Before: GADOLA, C.J., and SWARTZLE and LETICA, JJ.
PER CURIAM.
Following a jury trial, defendant was convicted of one count of first-degree criminal sexual
conduct (CSC-I), MCL 750.520b(1)(b)(ii) (relationship; digital penetration), two counts of second-degree criminal sexual conduct (CSC-II), MCL 750.520c(1)(b)(ii) (relationship; sexual contact), and one count of third-degree criminal sexual conduct (CSC-III), MCL 750.520d(1)(b) (force or coercion; oral penetration). He was found not guilty of one additional count of CSC-III (anal penetration). Defendant was sentenced to concurrent prison terms of 135 months to 40 years for the CSC-I conviction and 10 to 15 years each for his CSC-II and CSC-III convictions. Defendant now appeals by right. We affirm.
I. FACTS
The sexual abuse began while the victim, JM, was living in Colorado with his mother and
defendant, JM’s stepfather. Over the next nearly 10 years, the abuse evolved from sexual touching to sexual penetration. JM told his half-sister about the abuse when JM was about 15 years old. That disclosure led to an investigation by Child Protective Services (CPS), but the investigation was closed when JM disavowed the allegations.
In November 2018, patrol officers from the Eaton County Sheriff’s Office were dispatched
to make contact with JM after he called the county’s 911 emergency line. JM had left the family home after an argument with defendant over a cell phone and was just walking down a road. Christopher Cunningham, one of the responding officers, was aware of the prior CPS investigation. Speaking with JM alone, Cunningham raised the issue of sexual assault, and JM told Cunningham that defendant had been sexually abusing him for years.
-1-
The allegations of abuse led to proceedings in the family division of the circuit court (family court) regarding JM’s three younger half-brothers. JM was called to testify about the abuse at one of the hearings.1
Roughly four months after speaking with Cunningham, JM e-mailed a letter to the Eaton
County Prosecutor and recanted his allegations. JM stated that he was coerced by the police to make the allegations. Moreover, what JM had told police and lawyers “was spoken mainly from anger and stress as well as coercing from those who were questioning [JM] at the time.” At trial, JM testified that what he had written in the e-mail was untrue and that he was motivated to write the letter by his mother, who told JM that the only way to stop the family court proceedings was for JM to recant.

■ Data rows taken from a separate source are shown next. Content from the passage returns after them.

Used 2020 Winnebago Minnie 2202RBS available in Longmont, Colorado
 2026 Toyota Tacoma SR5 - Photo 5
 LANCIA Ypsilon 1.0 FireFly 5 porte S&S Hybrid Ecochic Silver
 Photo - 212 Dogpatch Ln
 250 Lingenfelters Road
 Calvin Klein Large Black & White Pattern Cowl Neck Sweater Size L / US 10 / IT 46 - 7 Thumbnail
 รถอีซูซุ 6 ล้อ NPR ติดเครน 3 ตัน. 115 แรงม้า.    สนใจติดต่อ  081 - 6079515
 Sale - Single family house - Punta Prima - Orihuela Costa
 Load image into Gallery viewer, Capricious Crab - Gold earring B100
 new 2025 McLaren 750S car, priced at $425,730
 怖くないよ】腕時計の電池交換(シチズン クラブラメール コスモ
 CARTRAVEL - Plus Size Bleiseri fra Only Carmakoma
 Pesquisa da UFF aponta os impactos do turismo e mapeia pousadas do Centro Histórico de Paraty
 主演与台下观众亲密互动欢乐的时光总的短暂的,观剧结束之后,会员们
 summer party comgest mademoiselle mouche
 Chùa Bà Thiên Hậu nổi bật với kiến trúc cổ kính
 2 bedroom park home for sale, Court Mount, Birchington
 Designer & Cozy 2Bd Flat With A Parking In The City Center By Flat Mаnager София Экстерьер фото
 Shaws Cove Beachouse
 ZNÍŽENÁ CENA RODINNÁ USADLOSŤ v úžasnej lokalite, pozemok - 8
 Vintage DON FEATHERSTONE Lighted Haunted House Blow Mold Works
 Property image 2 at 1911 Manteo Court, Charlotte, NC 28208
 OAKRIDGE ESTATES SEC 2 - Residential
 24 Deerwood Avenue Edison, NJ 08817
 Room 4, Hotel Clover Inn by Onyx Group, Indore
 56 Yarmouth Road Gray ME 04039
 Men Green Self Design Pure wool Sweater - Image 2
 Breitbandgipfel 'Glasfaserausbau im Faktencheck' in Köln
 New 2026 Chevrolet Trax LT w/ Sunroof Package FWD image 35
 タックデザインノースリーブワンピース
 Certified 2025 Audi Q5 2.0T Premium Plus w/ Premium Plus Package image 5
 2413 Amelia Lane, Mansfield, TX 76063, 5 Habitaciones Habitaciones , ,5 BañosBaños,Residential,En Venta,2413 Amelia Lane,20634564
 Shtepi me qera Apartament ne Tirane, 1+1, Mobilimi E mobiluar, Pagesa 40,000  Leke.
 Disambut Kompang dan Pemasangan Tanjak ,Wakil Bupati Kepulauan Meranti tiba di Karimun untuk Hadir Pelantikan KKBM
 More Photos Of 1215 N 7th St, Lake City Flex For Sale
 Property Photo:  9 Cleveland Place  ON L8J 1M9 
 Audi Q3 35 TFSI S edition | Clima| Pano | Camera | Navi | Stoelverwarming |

At the criminal trial, the prosecution sought to introduce other-acts evidence pursuant to
MCL 768.27a. The prosecution asked to have JM testify about defendant’s sexual abuse of him while the family was living in Colorado. Defendant opposed the request on the grounds that any minimal probative value the evidence might have was substantially outweighed by the danger of unfair prejudice and the danger the jury would be confused about what criminal acts he was on trial for in Michigan. Defendant also argued that the jurors could find him guilty not because the evidence showed beyond a reasonable doubt he committed the crimes charged, but because the other-acts evidence led them to believe he was a bad man who needed to be punished.
The circuit court concluded the other-acts evidence was relevant and its probative value
was not outweighed by the danger of unfair prejudice. The court further found that the charged and uncharged acts were similar and fell under MCL 768.27a. The court explained:
[I]n Colorado it started with the touching and the fellatio. And then, increased to
continued fellatio and anal sex. Still, obviously, there would be a degree of
touching, but I think it’s a stretch to argue that these are so dissimilar that that
should invalidate the probative value. Same Defendant, same child, same sexual
abuse.
And I think it is important that the victim be able to testify that this started
back in Colorado and continued in Michigan. . . .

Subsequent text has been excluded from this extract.